The interior of the court house, seen 2014, has plain cornicing to hall and a plastered barrel vaulted ceiling to courtroom.

4-pane glazing in timber sash and case windows to court house. Predominantly 12-pane glazing in timber sash and case windows to former prison/police offices. Grey slate roofs with stone ridges and stone skews. Predominantly cast iron rainwater goods.

Low rubble boundary walls with ridged ashlar cope along Palace Road and Watergate Street. Square-plan ashlar gatepiers with pyramidal caps to Palace Road entrance with spear-headed cast iron railings.

Statement of Interest

Kirkwall Sheriff Court including former prison/police station is an important civic building in its local setting and a rare surviving example of a combined prison and court house, which was built at the tail-end of the first wave of court house building following the Sheriff Court Houses (Scotland) Act of 1860. The building is a late work of the eminent Scottish architect David Bryce (1803-1876) in a modest Baronial style and was completed by his nephew, John, in 1877 with some proposed features including a tower and attic storey omitted from the final design.
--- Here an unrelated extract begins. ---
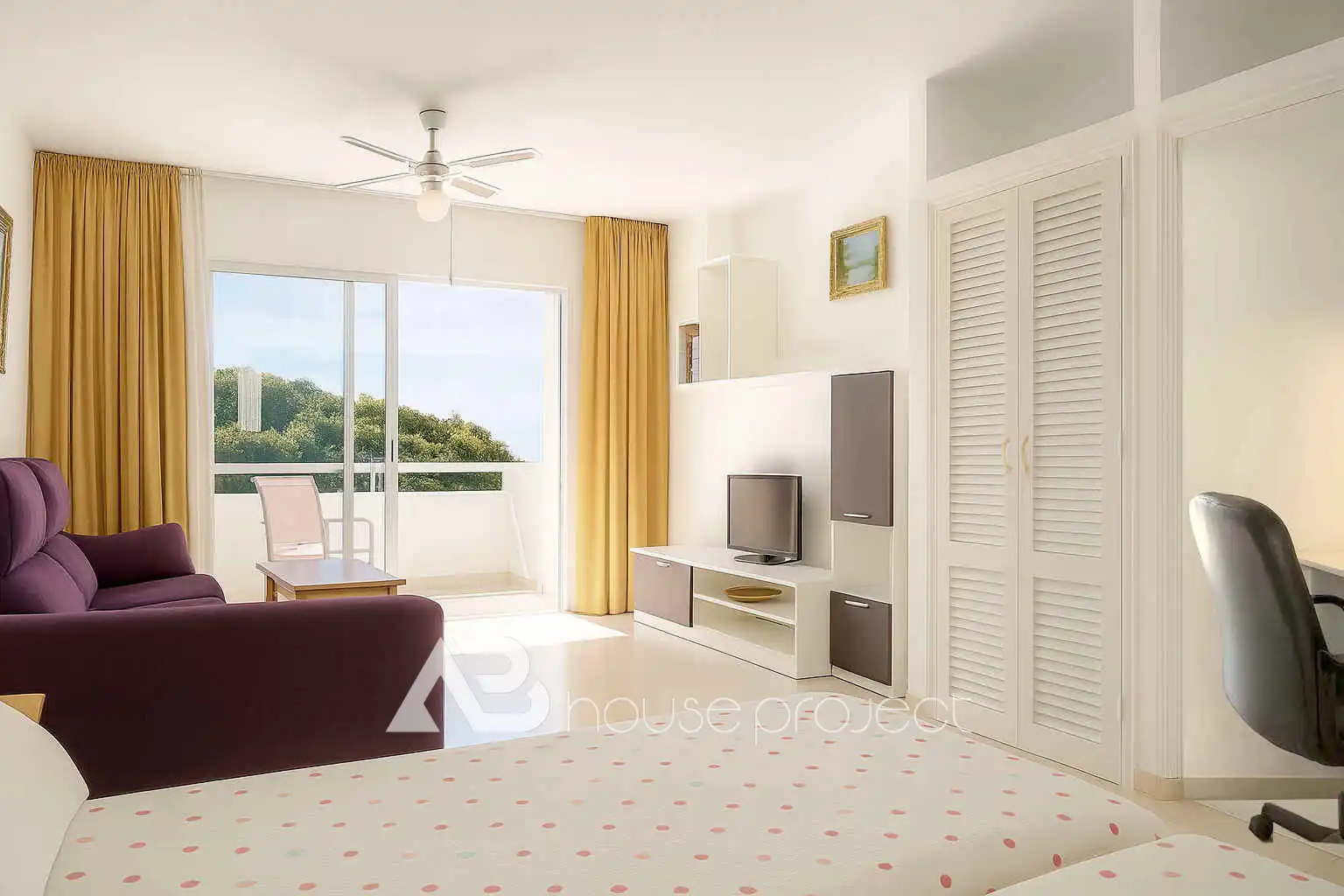 Schlafzimmer von Wohnung zum Verkauf in Adeje mit Terrasse, Möbliert und Gemeinschaftspool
On completion in 1877, the Kirkwall Court House was described in the Orkney Herald as being in 'the old Scottish style with slight ornamentation'.
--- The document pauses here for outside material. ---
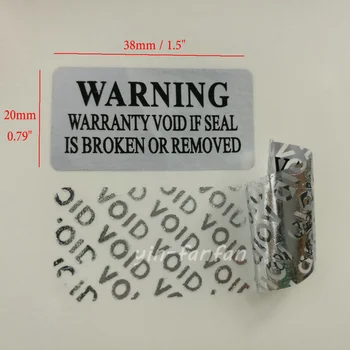 200pcs argint VID de Securitate, Etichete sigiliu Autocolant de Garanție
In 1860 David Bryce was commissioned to survey the remains of Earl Patrick's Palace (Scheduled Monument) to the south of St. Magnus Cathedral, with a view to restoring it to function as the town hall and court house. The plan was eventually shelved due to a combination of factors including expense and prison authority concerns regarding the housing of a new prison within an old building. Plans for a new court house building in the grounds of the Earl's Palace were put forward by Bryce around 1873.

Bryce died on May 7th 1876 and his nephew, John Bryce, took over the commission. The building was opened on 27 August 1877. The building has more recently been refurbished with the former police office and prison block currently (2015) in use as a dental practice.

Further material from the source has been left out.